Aquí, en este momento, basándose en el tenebroso asunto de la muerte de los primogénitos egipcios, se inventan el impuesto del “rescate”.
Consiste el famoso timo del rescate, en la obligación que imponen los sacerdotes levitas al resto de sus hermanos hebreos, de cotizar por cada uno de los primogénitos que han sido “respetados” por Yavé-Dios. Todo animal macho que proceda del primer parto de una res, a menos que se abone el precio estipulado por los ungidos, debe ser sacrificado para que sirva de alimento a los levitas y a los sacerdotes. El primer varón de los hijos de los hombres se “rescatará” a buen precio de plata. Los sacerdotes dicen que esto es así para conmemorar el hecho de que Yavé mató a los primogénitos de los egipcios, uno por cada familia ––no se deja de ser primogénito por haber cumplido ochenta años––, pero respetando a los primeros hijos varones de los hebreos. El truco es burdo y grosero, pero muy representativo y revelador del comportamiento de los ungidos.
Esta ley de los primogénitos fue posteriormente sustituida y dio paso a otra “picardía” sacerdotal:
La estafa de los censos.
El especulativo proceso mental que llevó a los sacerdotes levitas a trocar un impuesto por otro, fue muy simple. En uno de los escasos momentos de lucidez se dijeron:
Primogénitos, solamente hay uno por familia, sin embargo, hijos hay bastantes más. Conclusión: estamos perdiendo dinero.
Este nuevo fraude de los censos era muy rudimentario, y el poder de los sacerdotes en el momento de su implantación era tan grande, que no precisó de justificación alguna.

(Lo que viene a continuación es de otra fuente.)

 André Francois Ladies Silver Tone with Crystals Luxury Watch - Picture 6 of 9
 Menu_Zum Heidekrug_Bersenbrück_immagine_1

El “sablazo” consistía, en que previo pago de una cantidad, los hebreos tenían la “venturosa” oportunidad de ser contados. Así como suena:
Si quieres que te cuente, prepara la cuenta corriente.
O sea, que se inventaron una lotería de participación obligatoria, pero sin premio.
Esto de ser contado, en mi opinión, debía constituir un auténtico goce y casi un supremo placer para el pueblo. Sobre todo cuando uno de ellos, extasiado por un inmenso deleite, alborotaba y alegraba el campamento gritando:
¡Tengo un capicúa!, ¡tengo un capicúa!
¡Jo tío!, ¡que suerte tienes!
Así ha actuado este tipo de gentuza durante siglos. Pero, ¿quién se lo reprocha? Si hay personas que se deja expoliar, pues bien está, y si se quiere, hasta tiene su gracia. Lo único que yo censuro y rechazo es que se considere a Yavé como autor de las muertes de inocentes y como consentidor de todos estos abusos. Solamente basándose en su muy superior inteligencia, en su sabiduría y experiencia para entender lo más rastrero de los seres humanos, se puede comprender que no dispusiera un tremendo castigo para esos individuos. No sólo atribuyen a su dios la matanza de muchos inocentes, sino que además “pasan la bandeja” por ello. Y para colmo aseguran que el resto de los seres humanos, al estar un poco mermaditos, no gozamos de la capacidad suficiente para comprender ese divino comportamiento.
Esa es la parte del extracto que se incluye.